Here in Doha for the UN climate negotiations, we’ve just released new analysis that shows that fossil fuel subsidies in rich countries are, on average, five times greater than those same countries’ pledges towards climate finance (support to developing countries to address climate change and its impacts).  Sometimes pictures speak louder than words, so here’s a graphic that lays it out:

 

For more information, see our more detailed two-pager here.

Comments (7)

  1. Svenne says:

    So apparently my country, Sweden, isn’t serious about climate change, because we subsidize the fossil fuel industry. Even though Sweden doesn’t actually _have_ any production of oil, coal or natural gas, nor electrical production from them. (and the OECD report says as much)

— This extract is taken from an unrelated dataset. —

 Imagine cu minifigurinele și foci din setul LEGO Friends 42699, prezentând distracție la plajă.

    The ‘subsidy’ here is because certain industries (e.g. mass-transit) have reduced carbon taxes. Countries like Japan – who actually use much more oil and natural gas, but who didn’t have a carbon tax in 2011, naturally doesn’t have any ‘subsidies’ counted from reductions in a tax it didn’t have.

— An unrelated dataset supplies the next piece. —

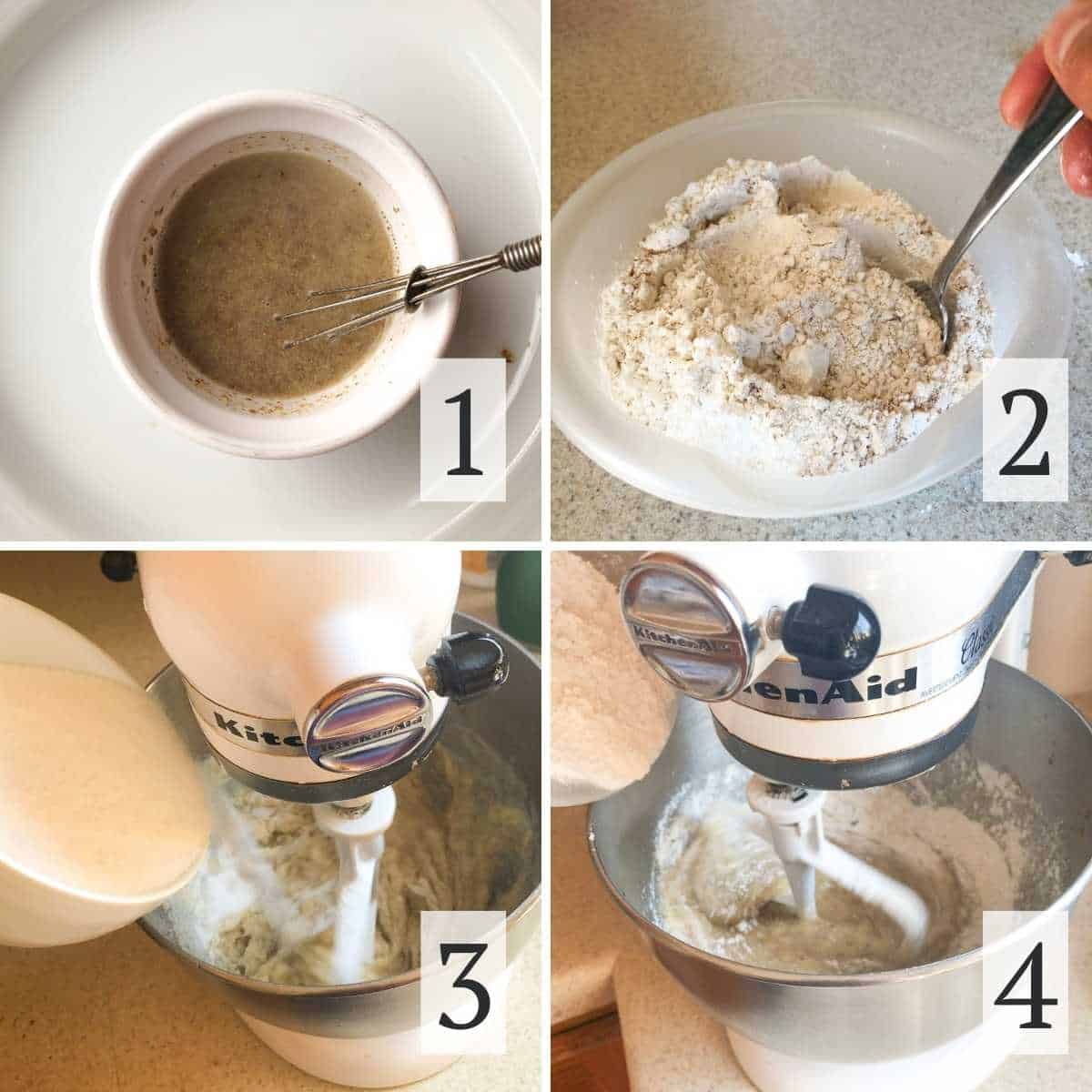 Steps for mixing the gluten free chocolate chip banana muffin batter.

    So apparently we’re doing less to fight climate change by having a carbon tax that’s not a _flat tax_ across all users, when compared to those with no carbon tax.

    Sweden has no fossil fuel industry, has a carbon tax, has no significant electricity production from fossil fuels, and has reduced CO2 emissions significantly since 1990. Japan has increased emissions since 1990, only instituted a carbon tax this year (so, not in the stats), and is a major consumer of natural gas.

    And yet, you’re implying Sweden supports the fossil fuel industry more than Japan does??

  2. Don Bailey says:

    The comment from the Swede (Dec 5, 2012 @ 1:04am) is much more factual & true – no bias or bullshit as in the table, which is very misleading and misinforms.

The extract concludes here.